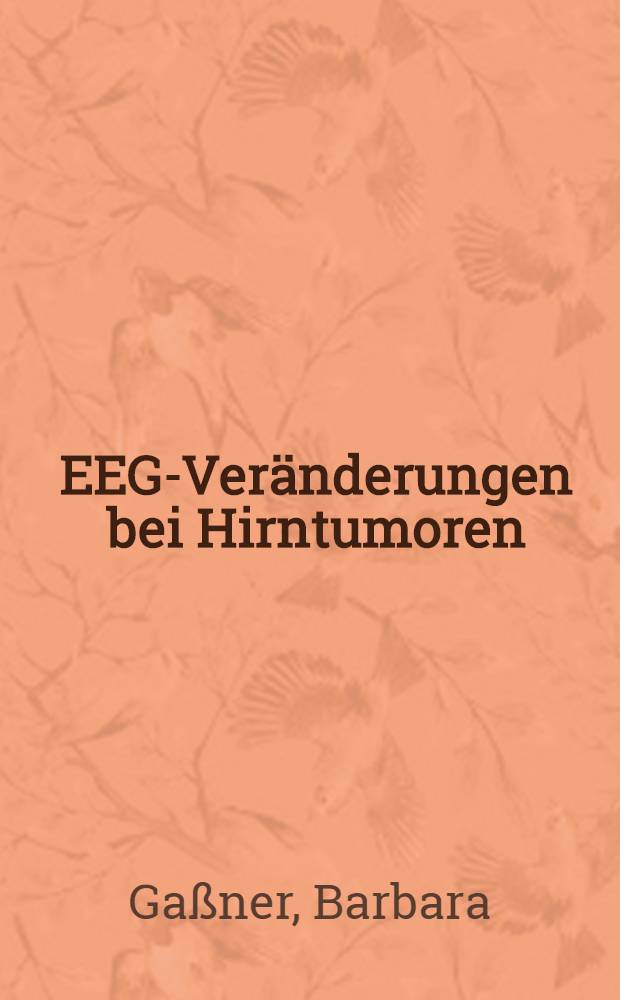 EEG-Veränderungen bei Hirntumoren : Eine Unters. über beeinflussende Faktoren anhand der Computertomographie als Außenkriterium : Inaug.-Diss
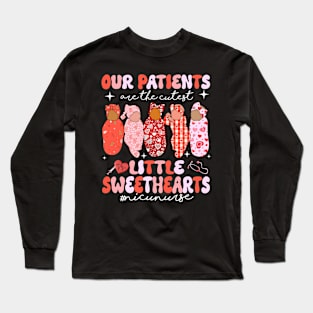 Nicu Nurse Our Patients Are the Cutest Little Sweethearts Long Sleeve T-Shirt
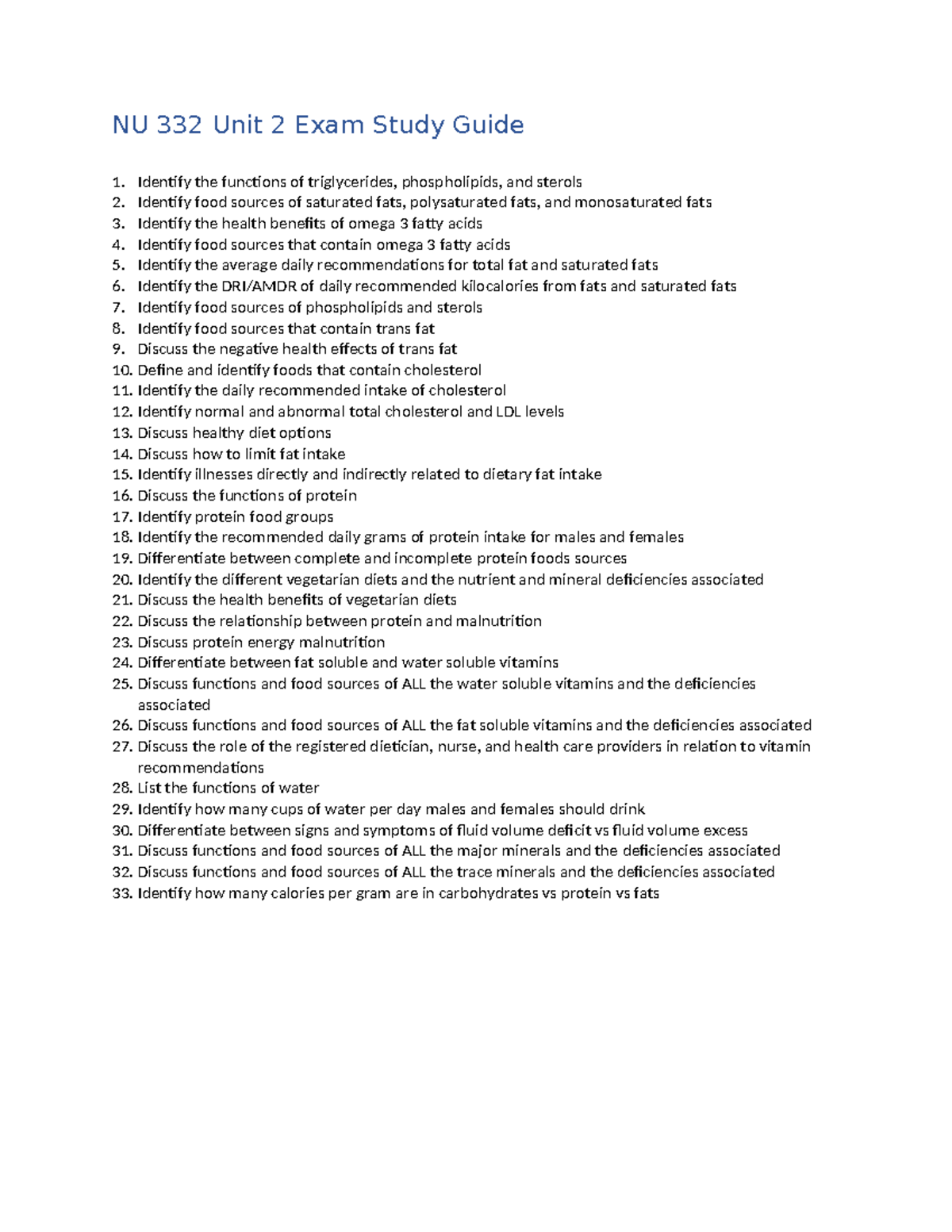 NU 332 Unit 2 Exam Study Guide: Fats, Proteins, Vitamins & Minerals ...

| What is required |
Restate the data above word for word. Skip every picture.

| Output of the exercise |
 EEG-Veränderungen bei Hirntumoren : Eine Unters. über beeinflussende Faktoren anhand der Computertomographie als Außenkriterium : Inaug.-Diss
 Nicu Nurse Our Patients Are the Cutest Little Sweethearts Long Sleeve T-Shirt
 NU 332 Unit 2 Exam Study Guide: Fats, Proteins, Vitamins & Minerals ...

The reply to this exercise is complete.